Input records START

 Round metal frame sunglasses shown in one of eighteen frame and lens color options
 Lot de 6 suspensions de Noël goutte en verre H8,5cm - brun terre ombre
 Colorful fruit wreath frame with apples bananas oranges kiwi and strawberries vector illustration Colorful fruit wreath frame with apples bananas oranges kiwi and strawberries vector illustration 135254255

Input records END
Input records START

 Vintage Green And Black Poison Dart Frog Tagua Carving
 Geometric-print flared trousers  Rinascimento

Input records END

**Work instruction**
Starting at the line above that holds "Lot de 6 suspensions" and ending at the line that holds "vector illustration 135254255", transcribe each line exactly and include no other lines.

**Answer section**
 Lot de 6 suspensions de Noël goutte en verre H8,5cm - brun terre ombre
 Colorful fruit wreath frame with apples bananas oranges kiwi and strawberries vector illustration Colorful fruit wreath frame with apples bananas oranges kiwi and strawberries vector illustration 135254255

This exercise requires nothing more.